At the same time, many traditional foreign-policy hawks consider the war to be in America’s interest, since it is helping to weaken Russia—a geopolitical foe of the United States and ally of China, an even more dangerous potential enemy. From that point of view, it is a grand military exercise in which Western military and intelligence capabilities are being field-tested in real time against Russian materiel and that of its Iranian allies, who have supplied drones to their ally in the conflict in Syria.
The above argument is undermined, however, by the spectacle of Russian incompetence that has rendered untenable the idea that it poses a conventional, as opposed to a nuclear, threat to the West.

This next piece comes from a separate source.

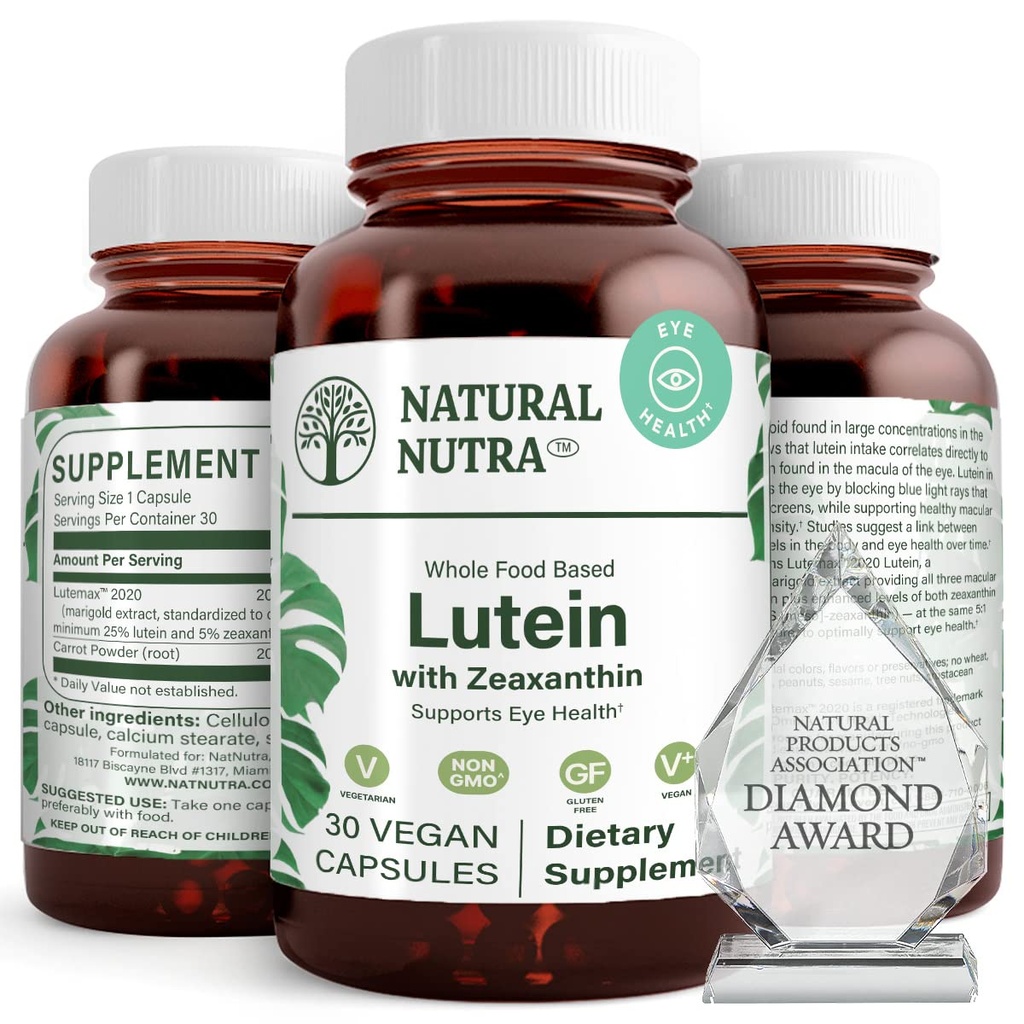 Naturlig Nutra Lutein og Zeaxanthin Supplement, opprettholde visjon helse, beskytter celle i øyne, forbedre nivået av Zeaxanthin & isomerer, støtte øye helse, Glutenfri, Soya fri, 20 mg - 30 kapsler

Some, like JNS columnist Ben Cohen, argue that Israel ought to get more involved. This is both because Ukraine is in the right and due to Israel’s need to show that it is a regional economic and military power. He and others think this requires its entry onto the world stage as a full-fledged participant in the conflict. They believe the advantages to its acting as a responsible figure in the international arena outweigh the risks to its freedom of operations in Syria and to Russian Jewry.

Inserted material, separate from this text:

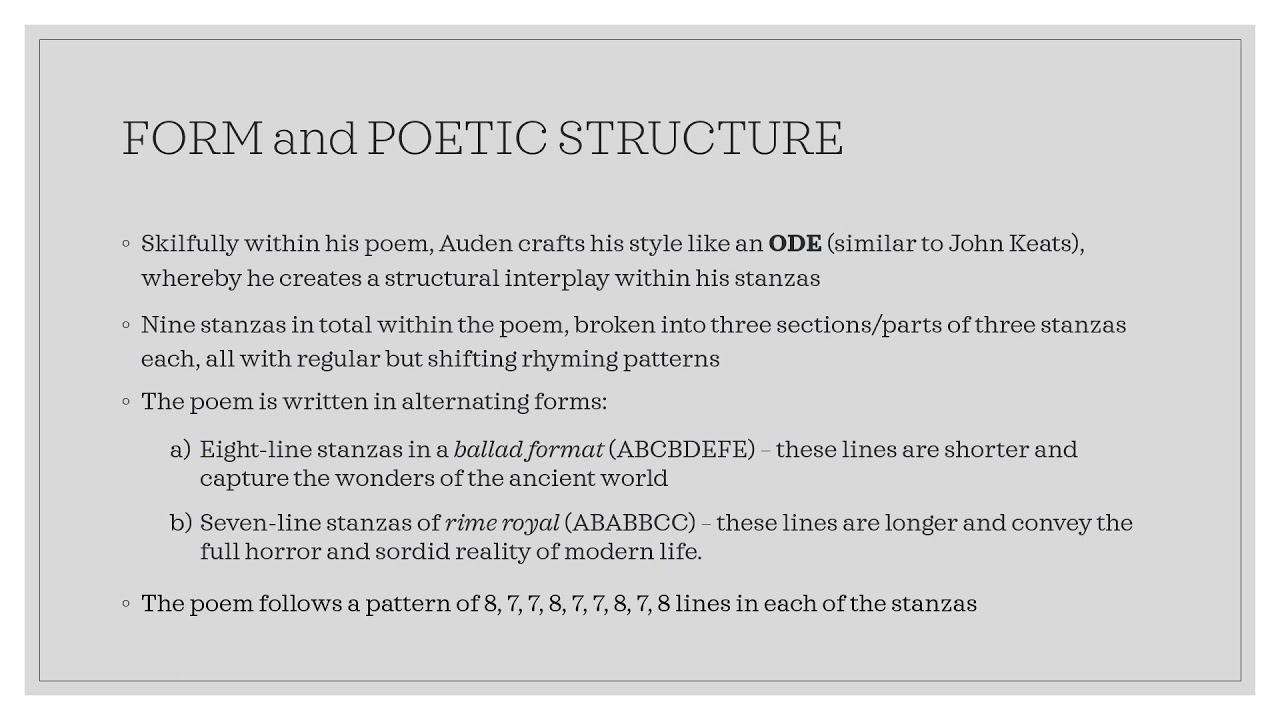 The Shield of Achilles by W.H Auden - Teaching Presentation - Analysis of context, poem and language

Cohen is right that Jews have no future in Putin’s Russia, though the same can be said of much of Western Europe. Yet the idea that pretending Israel is just another member of the Western alliance (a pose compromised by the fact that most of the international community doesn’t treat it as such) is worth complicating an already precarious situation on its northern border or endangering Russian Jews for—is risible. Neither the pleasure of joining in the virtue-signaling about Ukraine and Russia nor the great strategic game being played by Washington can possibly recompense the Jewish state for these perils.
Dismissing talk of peace
The international community has always opposed allowing Israel to achieve the kind of complete military victory over its enemies that would force them to give up their struggle against its existence. World opinion also dismisses terrorist attacks on the lives of Israelis as being part of a “cycle of violence” that ought to be stopped, regardless of who is in the right.
In contrast, many otherwise sensible people think Ukrainian ambitions for a military victory over Russia should be indulged, including if that means, as even President Joe Biden recently acknowledged, a risk of a nuclear confrontation.
Anger and disgust with Russia are justified, as are economic sanctions, even if they are clearly hurting the West more than the Putin regime. Yet, now that Ukraine’s extinction is no longer possible, a rational rather than an emotional response to the situation shouldn’t involve an open-ended commitment to an endless war that—Zelenskyy’s boasts and Biden’s promises notwithstanding—isn’t going to end in a total Ukrainian victory or anything like it.
Instead of ganging up on Israel in an effort to force it to join a war that has nothing to do with its security, perhaps the virtue-signalers should start considering whether it wouldn’t be more sensible for the United States to begin exploring a way to end the war. Instead, they are supporting policies geared to ensure it goes on indefinitely, and speak as if advocacy for a negotiated settlement is Russian propaganda. They have no coherent exit strategy or achievable goal and accuse those who point out this inconvenient fact of being insufficiently supportive of the cause of freedom.
This fuels the paranoia that helps sustain Putin in Russia and the patriotic fervor that is bolstering Zelenskyy’s maximalist position. It ignores the cost in Ukrainian and Russian lives, as well as the price for American taxpayers who thought they were done financing unwinnable foreign wars.
The idea that Israel should be dragged into this morass simply for the sake of a dubious romanticizing of the conflict, to assert its status as a world power or any other reason is as irresponsible as it is reckless.